● To do
Starting at the top of the records below and ending with the line that contains "Դիպուկահարը ԽՍՀՄ նամականիշի վրա, 1943", print each line exactly as written, skipping the pictures.

[Short text fragments from websites]
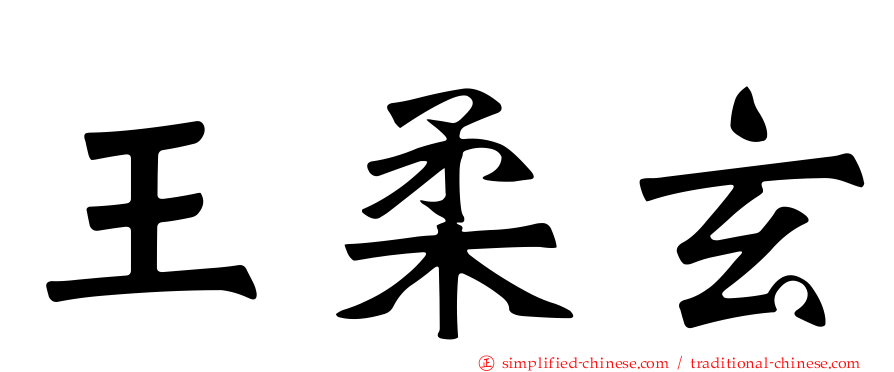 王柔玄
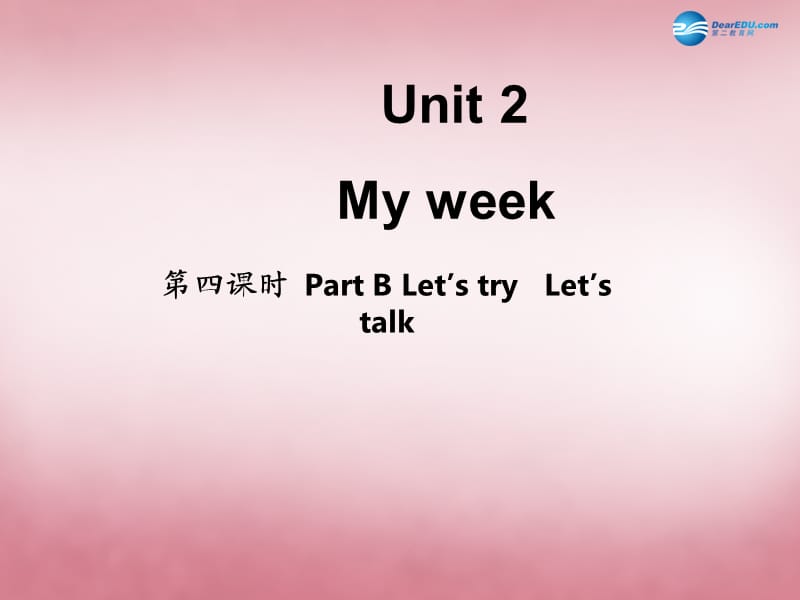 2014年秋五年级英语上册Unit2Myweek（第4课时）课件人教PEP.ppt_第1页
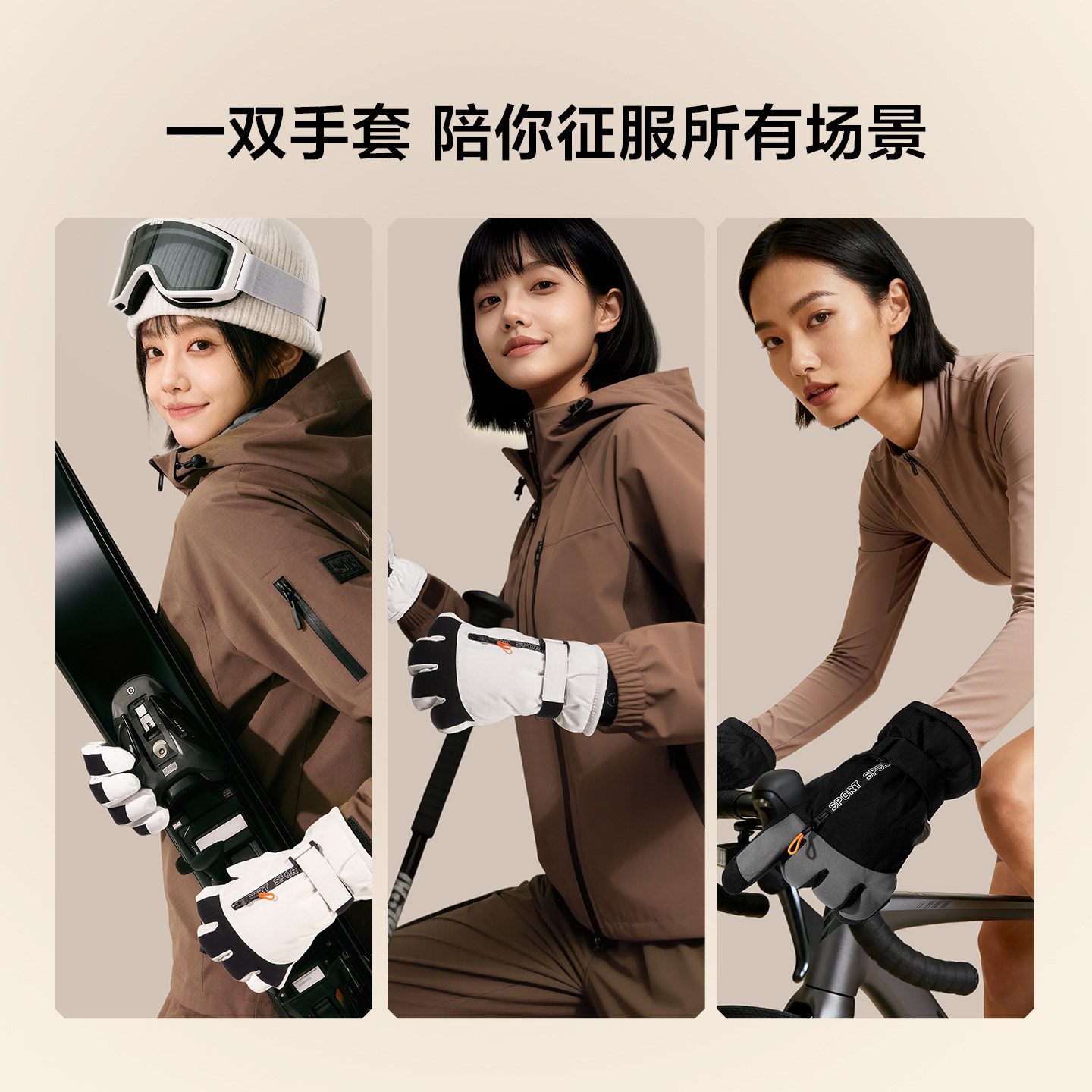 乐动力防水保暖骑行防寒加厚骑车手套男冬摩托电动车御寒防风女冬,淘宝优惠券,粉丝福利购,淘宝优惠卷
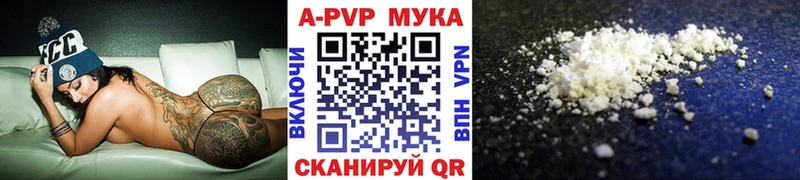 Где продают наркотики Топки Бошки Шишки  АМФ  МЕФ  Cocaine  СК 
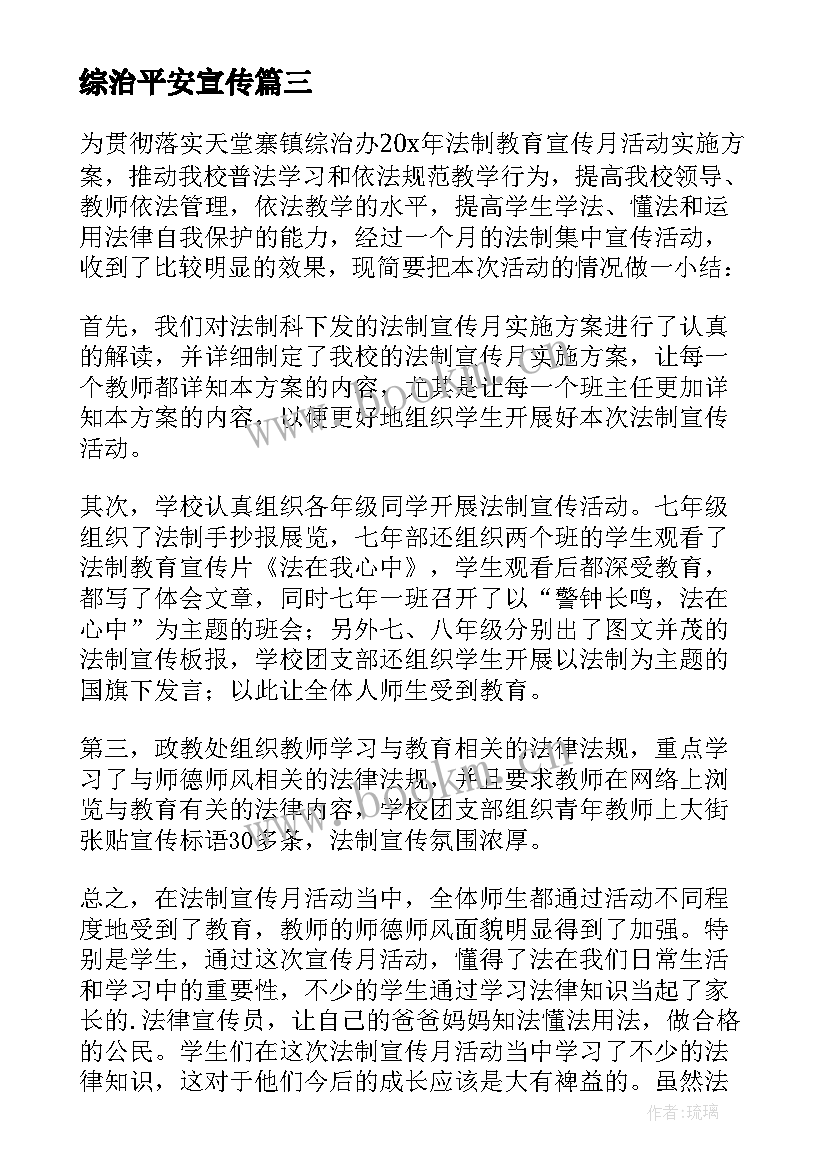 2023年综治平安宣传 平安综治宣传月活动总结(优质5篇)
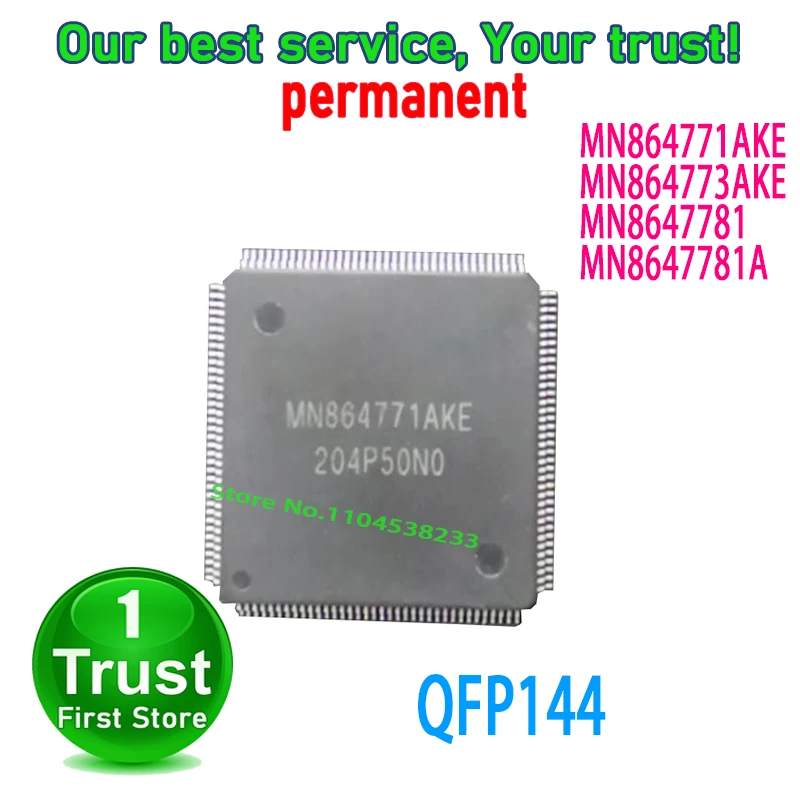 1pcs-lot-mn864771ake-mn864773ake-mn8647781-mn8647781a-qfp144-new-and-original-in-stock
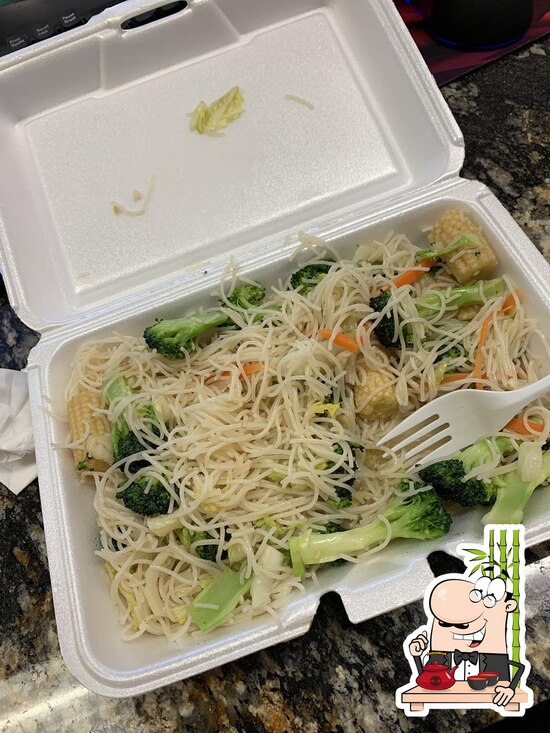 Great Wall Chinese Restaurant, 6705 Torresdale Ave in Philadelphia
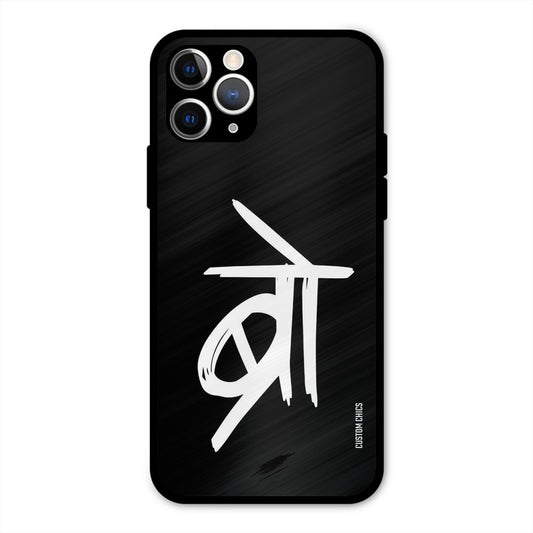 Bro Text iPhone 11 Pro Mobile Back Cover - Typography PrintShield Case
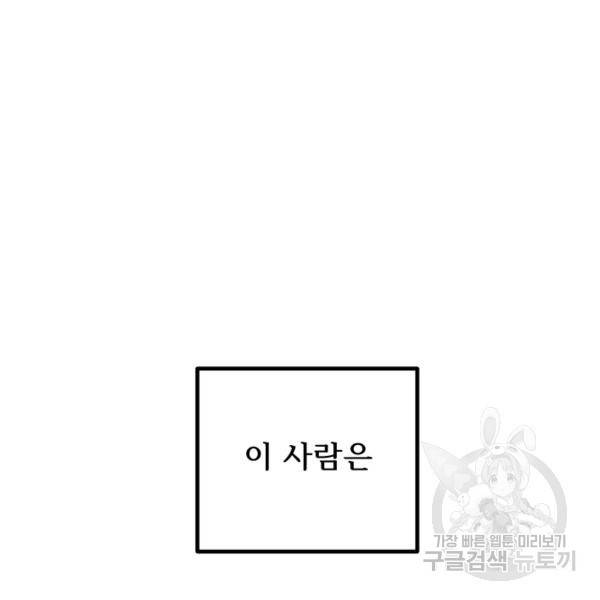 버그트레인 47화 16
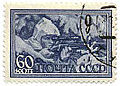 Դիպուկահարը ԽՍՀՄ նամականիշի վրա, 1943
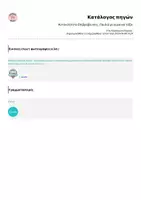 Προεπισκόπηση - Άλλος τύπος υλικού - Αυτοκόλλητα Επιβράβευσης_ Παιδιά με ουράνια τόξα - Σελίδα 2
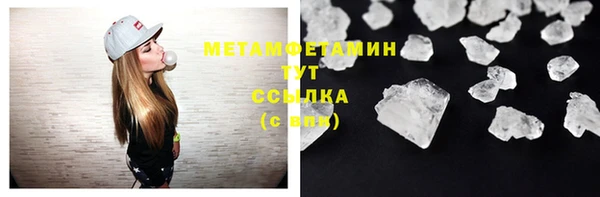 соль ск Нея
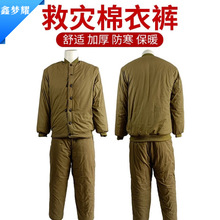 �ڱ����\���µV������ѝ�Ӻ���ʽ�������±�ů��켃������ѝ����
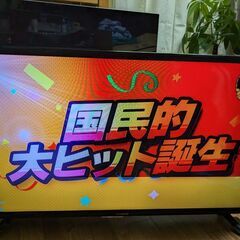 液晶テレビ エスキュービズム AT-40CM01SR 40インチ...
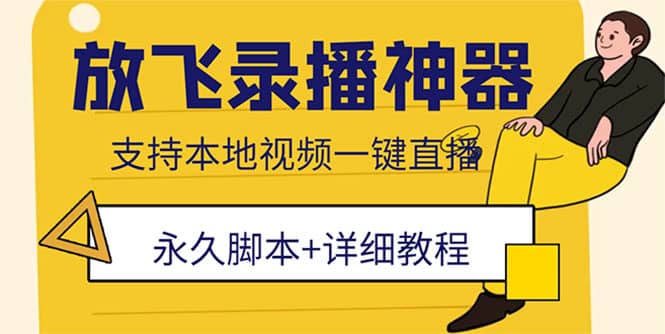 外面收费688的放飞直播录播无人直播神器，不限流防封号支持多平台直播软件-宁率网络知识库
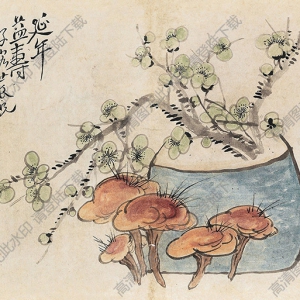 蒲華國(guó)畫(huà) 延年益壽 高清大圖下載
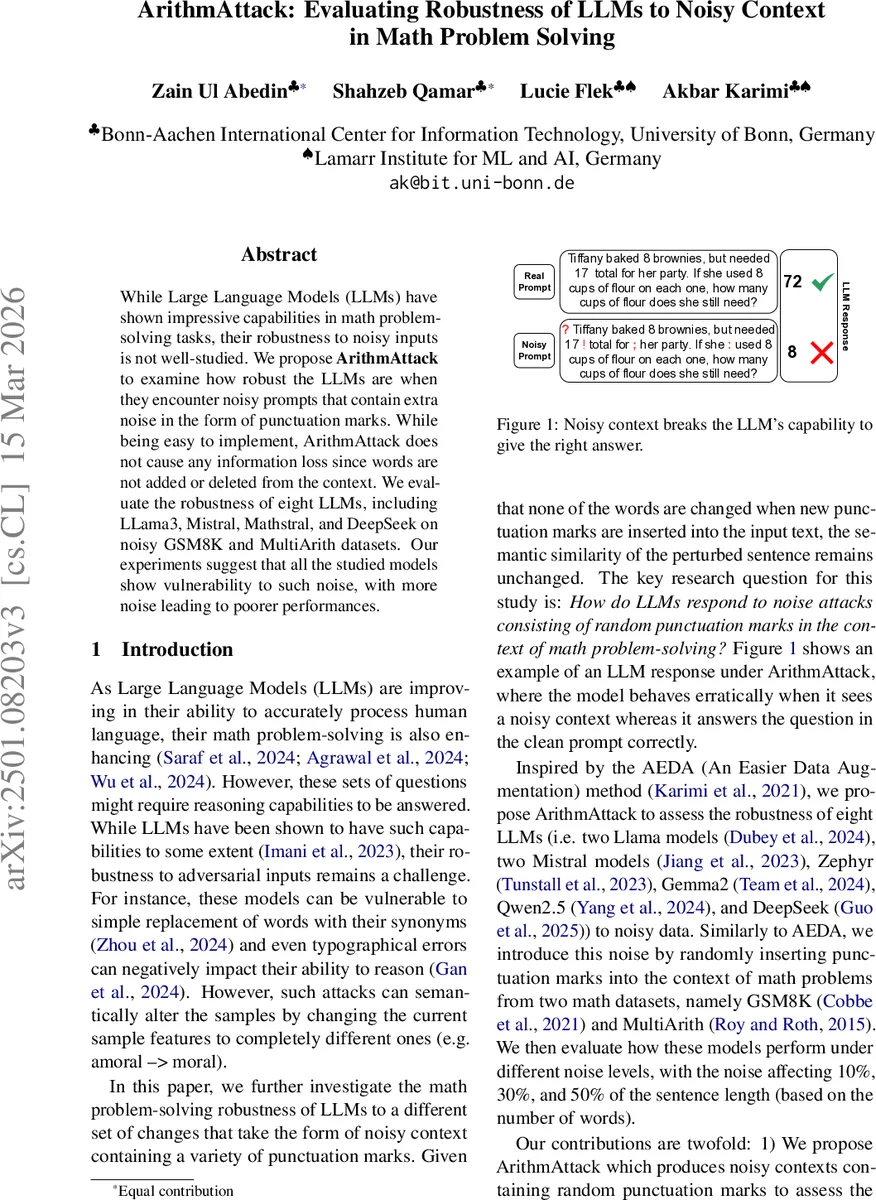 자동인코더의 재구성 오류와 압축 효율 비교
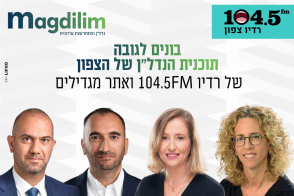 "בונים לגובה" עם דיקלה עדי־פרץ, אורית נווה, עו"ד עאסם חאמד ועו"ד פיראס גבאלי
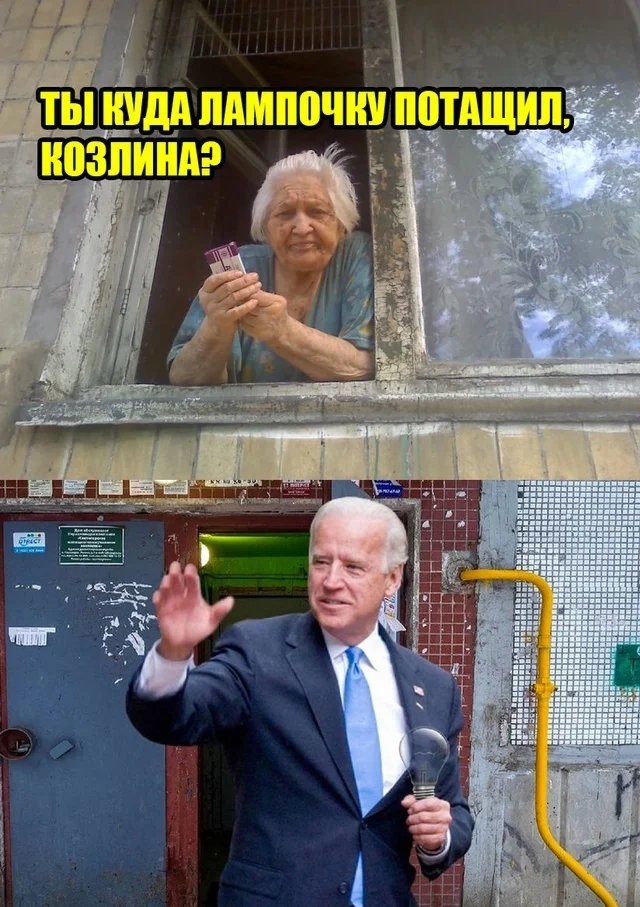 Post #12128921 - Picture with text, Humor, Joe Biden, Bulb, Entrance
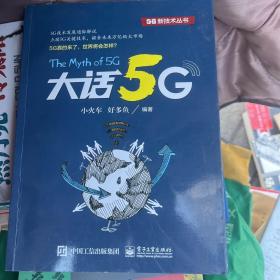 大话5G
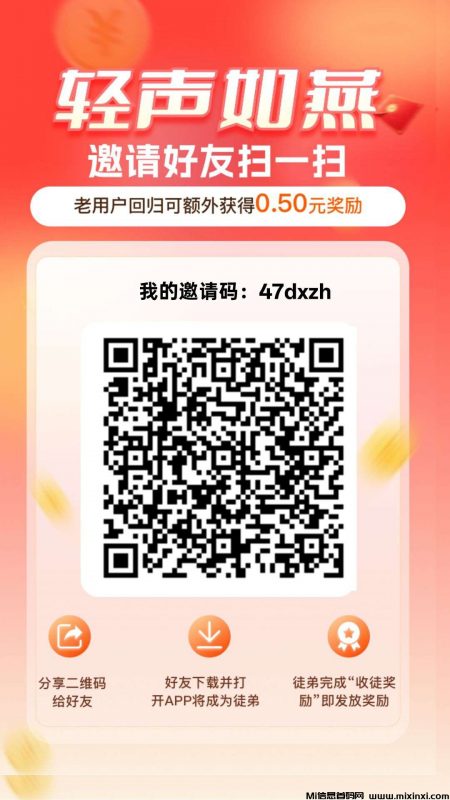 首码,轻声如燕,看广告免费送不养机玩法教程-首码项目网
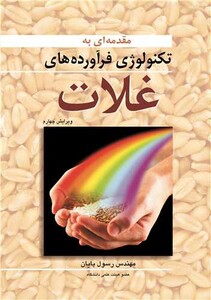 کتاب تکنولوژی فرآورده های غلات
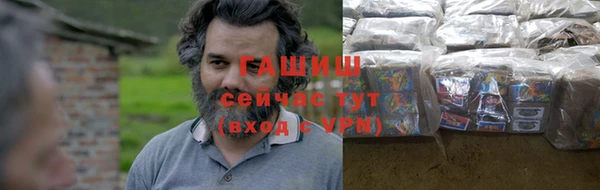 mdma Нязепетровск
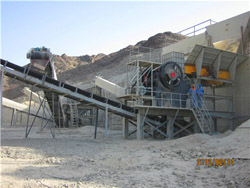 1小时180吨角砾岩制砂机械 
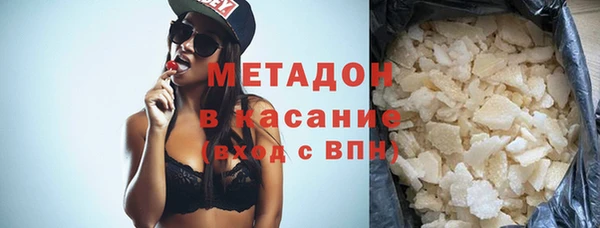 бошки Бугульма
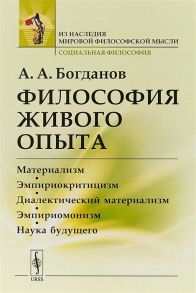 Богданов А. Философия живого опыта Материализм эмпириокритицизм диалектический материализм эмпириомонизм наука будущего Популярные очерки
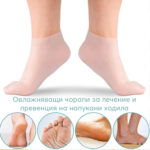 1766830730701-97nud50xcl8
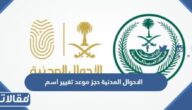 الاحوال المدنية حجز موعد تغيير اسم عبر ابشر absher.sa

● Solution to this exercise
 王柔玄
 2014年秋五年级英语上册Unit2Myweek（第4课时）课件人教PEP.ppt_第1页
 乐动力防水保暖骑行防寒加厚骑车手套男冬摩托电动车御寒防风女冬,淘宝优惠券,粉丝福利购,淘宝优惠卷
 Где продают наркотики Топки Бошки Шишки  АМФ  МЕФ  Cocaine  СК 
 2023年综治平安宣传 平安综治宣传月活动总结(优质5篇)
 1pcs-lot-mn864771ake-mn864773ake-mn8647781-mn8647781a-qfp144-new-and-original-in-stock
 Great Wall Chinese Restaurant, 6705 Torresdale Ave in Philadelphia
 Bro Text iPhone 11 Pro Mobile Back Cover - Typography PrintShield Case
 버그트레인 47화 16
 Դիպուկահարը ԽՍՀՄ նամականիշի վրա, 1943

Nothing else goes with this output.